Try it >> Word for word, restate the entries below, but exclude the images.

Supplied material >>
###

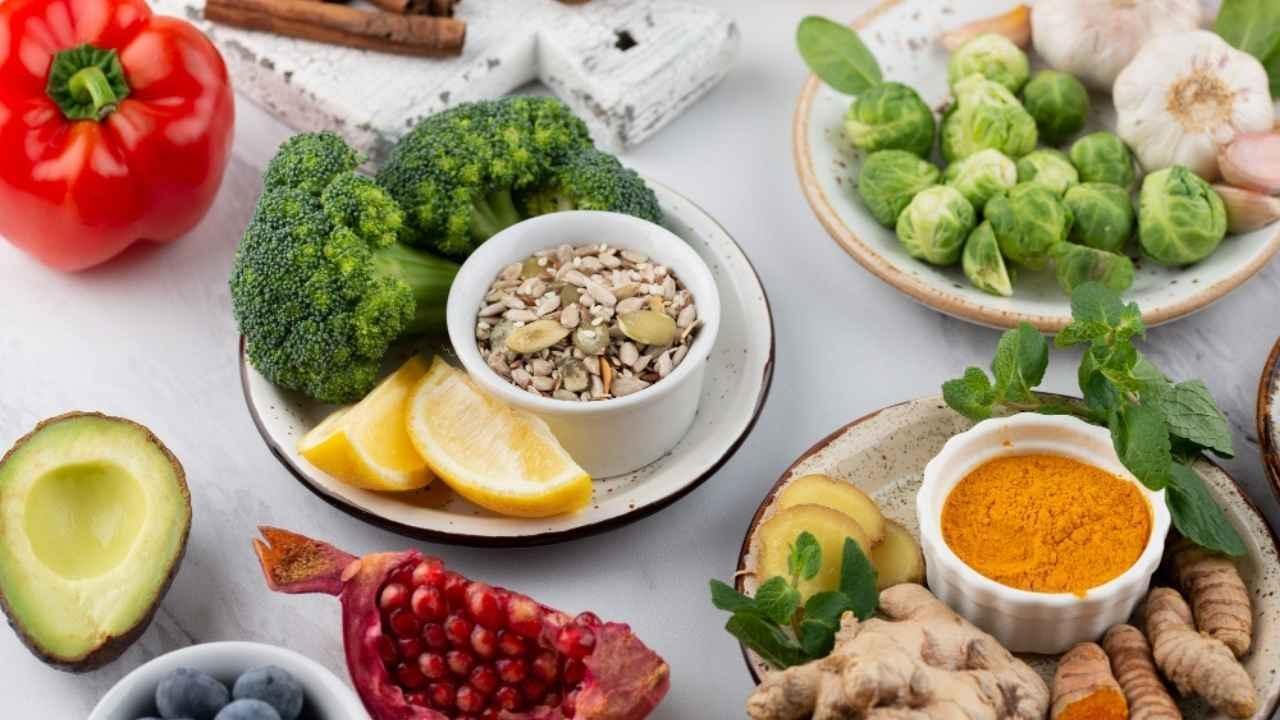 Essential Foods for Hypothyroidism: 6 Nutrients to Energize Your Metabolism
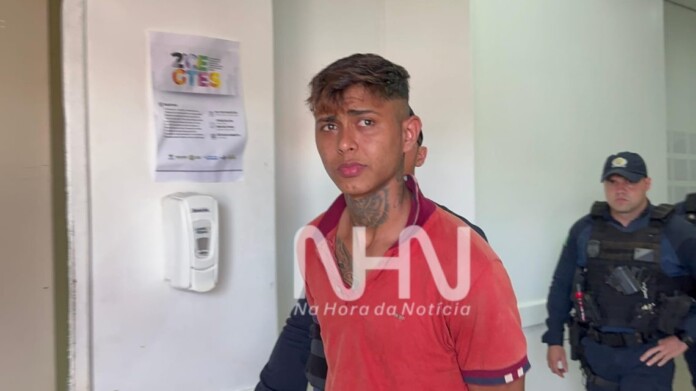 Untitled-2024-07-08T155827.109-1140x641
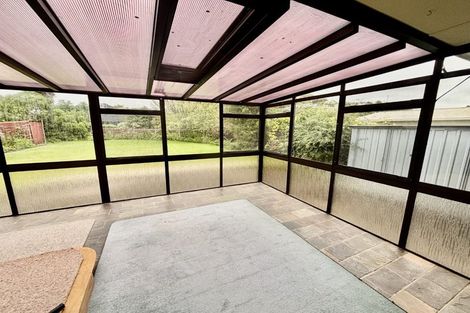 Photo of property in 3 Surrey Street, Taradale, Napier, 4112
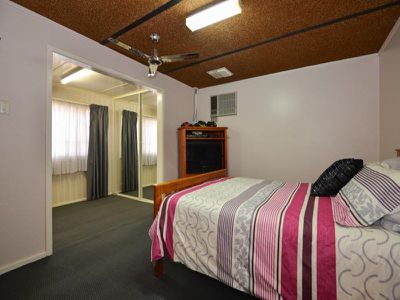 17 Turner Street, Kalgoorlie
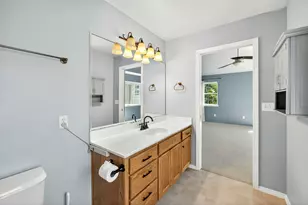 2130 Siskiyou Blvd, Ashland, OR 97520 - Photo 28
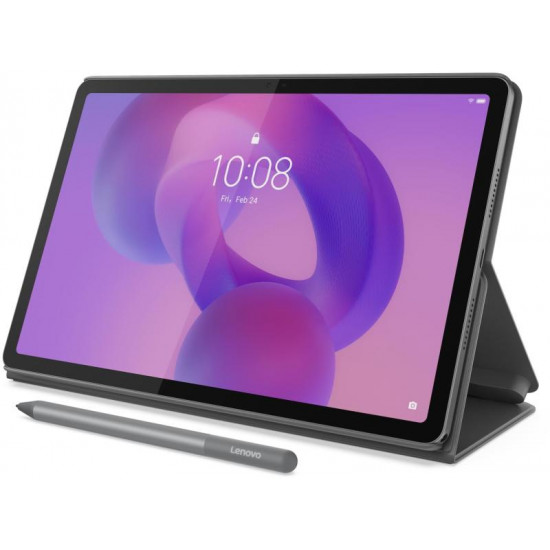 LENOVO Idea Tab (TB336ZU),  11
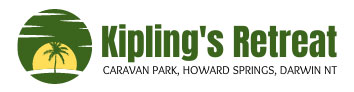 Kipling's Retreat Caravan Park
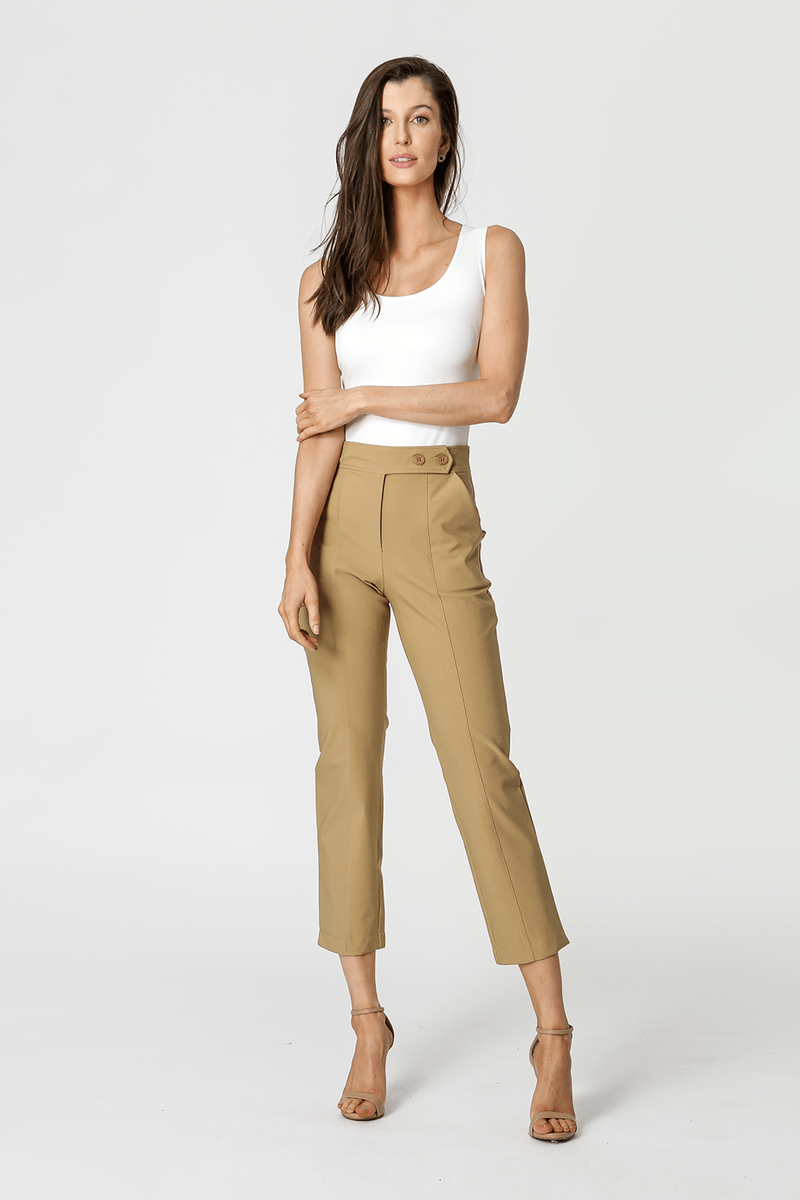 1-015022BBSM-OFFWHITE1.png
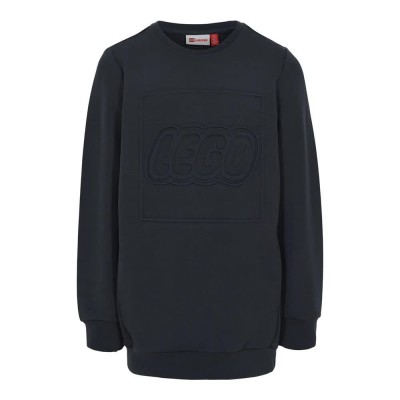 блуза,детски,блузи,lego,wear,tulla,599,sweatshirt,grey,(dark,grey)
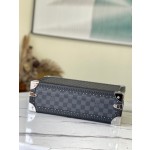 𝐋𝐎𝐔𝐈𝐒 𝐕𝐔𝐈𝐓𝐓𝐎𝐍     N48194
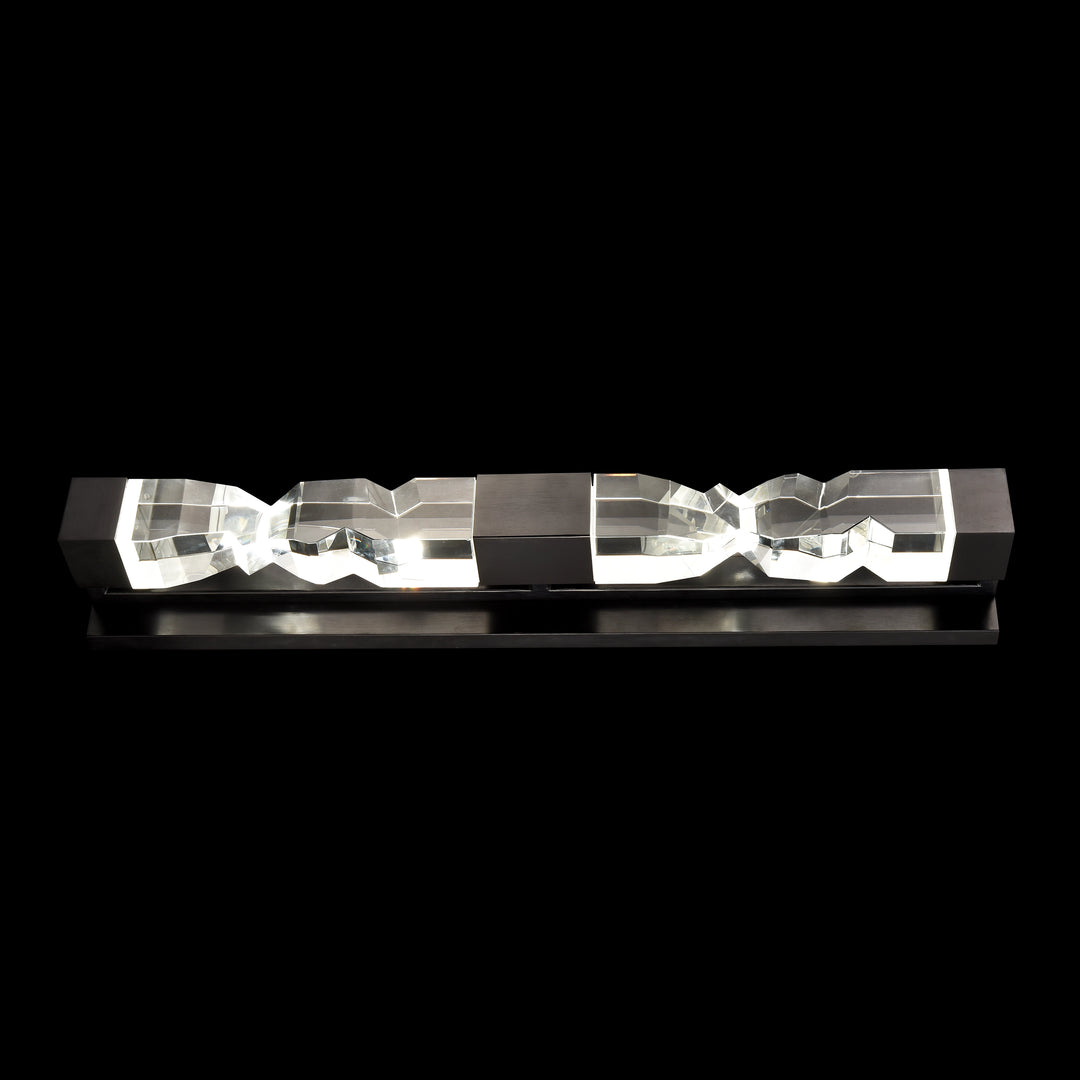 Mamadim Crystal Vanity by Zeev - view 47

###

Reply to the task >>
 Essential Foods for Hypothyroidism: 6 Nutrients to Energize Your Metabolism
 Untitled-2024-07-08T155827.109-1140x641
 Photo of property in 3 Surrey Street, Taradale, Napier, 4112
 17 Turner Street, Kalgoorlie
 2130 Siskiyou Blvd, Ashland, OR 97520 - Photo 28
 LENOVO Idea Tab (TB336ZU),  11
 Kipling's Retreat Caravan Park
 1-015022BBSM-OFFWHITE1.png
 блуза,детски,блузи,lego,wear,tulla,599,sweatshirt,grey,(dark,grey)
 𝐋𝐎𝐔𝐈𝐒 𝐕𝐔𝐈𝐓𝐓𝐎𝐍     N48194
 Mamadim Crystal Vanity by Zeev - view 47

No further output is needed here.